Oncological outcomes of unexpected uterine leiomyosarcoma: A single-center retrospective analysis of 5528 consecutive hysterectomies.

机构信息

Obstetrics and Gynecology Department of the University of Insubria, Women's and Children Del Ponte Hospital, Varese, Italy.

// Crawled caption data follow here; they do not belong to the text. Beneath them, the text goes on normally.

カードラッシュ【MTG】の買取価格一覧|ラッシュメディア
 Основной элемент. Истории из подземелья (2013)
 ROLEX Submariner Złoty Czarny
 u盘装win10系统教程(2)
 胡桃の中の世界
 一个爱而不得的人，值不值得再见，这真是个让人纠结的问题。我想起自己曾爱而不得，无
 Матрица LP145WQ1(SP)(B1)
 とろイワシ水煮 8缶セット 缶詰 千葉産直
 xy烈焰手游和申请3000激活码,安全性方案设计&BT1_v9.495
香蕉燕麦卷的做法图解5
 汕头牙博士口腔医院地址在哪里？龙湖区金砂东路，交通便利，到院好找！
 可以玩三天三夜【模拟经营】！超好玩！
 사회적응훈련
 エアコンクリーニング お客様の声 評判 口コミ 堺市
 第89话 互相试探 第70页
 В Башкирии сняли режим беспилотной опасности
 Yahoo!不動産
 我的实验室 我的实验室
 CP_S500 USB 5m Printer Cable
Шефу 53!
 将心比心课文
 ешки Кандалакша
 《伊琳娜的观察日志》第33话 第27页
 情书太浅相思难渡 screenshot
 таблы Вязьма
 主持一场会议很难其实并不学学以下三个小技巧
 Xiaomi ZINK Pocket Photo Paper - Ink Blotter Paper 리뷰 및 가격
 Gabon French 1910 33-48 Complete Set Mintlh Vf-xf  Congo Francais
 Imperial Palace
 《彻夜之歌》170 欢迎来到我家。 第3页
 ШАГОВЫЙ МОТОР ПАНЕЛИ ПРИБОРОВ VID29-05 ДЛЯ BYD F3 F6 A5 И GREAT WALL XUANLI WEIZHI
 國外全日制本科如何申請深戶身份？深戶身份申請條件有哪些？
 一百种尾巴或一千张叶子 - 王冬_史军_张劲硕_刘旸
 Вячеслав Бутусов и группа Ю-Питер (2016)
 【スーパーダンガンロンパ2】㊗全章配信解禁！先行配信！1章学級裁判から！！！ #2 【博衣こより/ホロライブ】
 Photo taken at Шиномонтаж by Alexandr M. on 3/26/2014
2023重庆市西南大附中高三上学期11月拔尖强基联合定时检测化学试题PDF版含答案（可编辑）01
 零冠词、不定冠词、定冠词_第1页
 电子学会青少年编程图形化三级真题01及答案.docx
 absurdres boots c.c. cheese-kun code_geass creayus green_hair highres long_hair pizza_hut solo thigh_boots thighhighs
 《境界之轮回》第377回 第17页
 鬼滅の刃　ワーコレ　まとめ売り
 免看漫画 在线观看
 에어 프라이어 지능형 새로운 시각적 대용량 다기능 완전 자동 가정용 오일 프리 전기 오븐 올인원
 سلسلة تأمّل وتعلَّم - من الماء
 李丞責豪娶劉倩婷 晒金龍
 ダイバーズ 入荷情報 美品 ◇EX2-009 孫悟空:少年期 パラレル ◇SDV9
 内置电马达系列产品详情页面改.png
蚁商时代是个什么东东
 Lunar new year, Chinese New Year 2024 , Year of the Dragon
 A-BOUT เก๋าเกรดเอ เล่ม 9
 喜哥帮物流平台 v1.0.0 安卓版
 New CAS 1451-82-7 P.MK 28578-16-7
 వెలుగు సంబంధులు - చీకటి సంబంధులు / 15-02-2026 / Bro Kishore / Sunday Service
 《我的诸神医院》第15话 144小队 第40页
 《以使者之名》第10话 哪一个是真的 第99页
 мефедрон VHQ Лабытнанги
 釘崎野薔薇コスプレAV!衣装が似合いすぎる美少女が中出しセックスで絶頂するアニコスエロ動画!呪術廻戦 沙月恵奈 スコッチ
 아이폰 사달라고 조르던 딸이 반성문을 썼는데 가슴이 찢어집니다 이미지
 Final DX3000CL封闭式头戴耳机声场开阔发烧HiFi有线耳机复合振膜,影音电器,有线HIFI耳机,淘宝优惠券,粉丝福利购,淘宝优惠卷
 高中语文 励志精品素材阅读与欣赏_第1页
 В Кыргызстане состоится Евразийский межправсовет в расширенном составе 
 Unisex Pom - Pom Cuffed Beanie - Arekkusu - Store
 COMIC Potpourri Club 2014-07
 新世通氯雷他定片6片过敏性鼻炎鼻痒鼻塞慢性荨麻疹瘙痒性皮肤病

Department of Gynecology, European Institute of Oncology (IEO), IRCCS, Milan, Italy.

出版信息

J Surg Oncol. 2024 Mar;129(3):517-522. doi: 10.1002/jso.27509. Epub 2023 Nov 16.

DOI:10.1002/jso.27509
PMID:37974522
Abstract

BACKGROUND AND METHODS

Uterine leiomyosarcomas (uLMS) are rare malignant tumors, often incidentally discovered, with an estimated annual incidence of five cases per one million women in the United States. This study aimed to compare the oncological outcomes of two groups of patients: those with uLMS incidentally found during surgery and those who underwent surgery due to suspected or confirmed uLMS before the procedure. The study assessed patients who had undergone hysterectomy and were diagnosed with stage I uLMS at a tertiary gynecologic oncology referral center in Italy between January 2000 and December 2019. Data on patients' baseline characteristics, surgical procedures, and oncological outcomes were collected. The patients were classified into two groups based on whether uLMS was unexpectedly discovered or suspected before the surgery. Survival rates and factors influencing recurrence were analyzed.

RESULTS

The study included 36 patients meeting the inclusion criteria, with 12 having preoperatively suspected or proven uLMS and 24 having incidentally discovered uLMS. No significant differences were observed between the two groups regarding disease-free survival (23.7 vs. 27.3 months, log rank = 0.28), disease-specific survival (median not reached, log rank = 0.78), or sites of relapse. Notably, among patients who underwent laparoscopic hysterectomy (compared to open surgery), a significantly higher rate of locoregional recurrence was found (78% vs. 33.3%, p = 0.04). Nevertheless, no significant differences in survival were observed based on the surgical approach.

CONCLUSIONS

Preoperative suspicion for uLMS did not seem to impact survival outcomes or the pattern of recurrence. Furthermore, although patients who underwent laparoscopic hysterectomy showed a higher rate of locoregional relapse, this did not affect their overall survival.

摘要

背景与方法

子宫平滑肌肉瘤(uLMS)是一种罕见的恶性肿瘤,常为偶然发现,在美国,估计每百万女性中有五例该病发病率。本研究旨在比较两组患者的肿瘤学结果:一组为术中偶然发现 uLMS 的患者,另一组为术前因疑似或确诊 uLMS 而行手术的患者。本研究评估了 2000 年 1 月至 2019 年 12 月在意大利一家三级妇科肿瘤学转诊中心行子宫切除术且诊断为 I 期 uLMS 的患者。收集了患者的基线特征、手术程序和肿瘤学结果数据。根据手术前是否意外发现或怀疑 uLMS 将患者分为两组。分析了生存率和影响复发的因素。

结果

本研究共纳入符合纳入标准的 36 例患者,其中 12 例术前疑似或确诊 uLMS,24 例术中偶然发现 uLMS。两组患者无病生存率(23.7 与 27.3 个月,对数秩检验=0.28)、疾病特异性生存率(中位生存期未达到,对数秩检验=0.78)或复发部位无显著差异。值得注意的是,与开腹手术相比,行腹腔镜子宫切除术的患者局部复发率明显更高(78%与 33.3%,p=0.04)。然而,手术方式对生存无显著影响。

结论

术前怀疑 uLMS 似乎不会影响生存结果或复发模式。此外,虽然行腹腔镜子宫切除术的患者局部复发率较高,但这并未影响其总生存。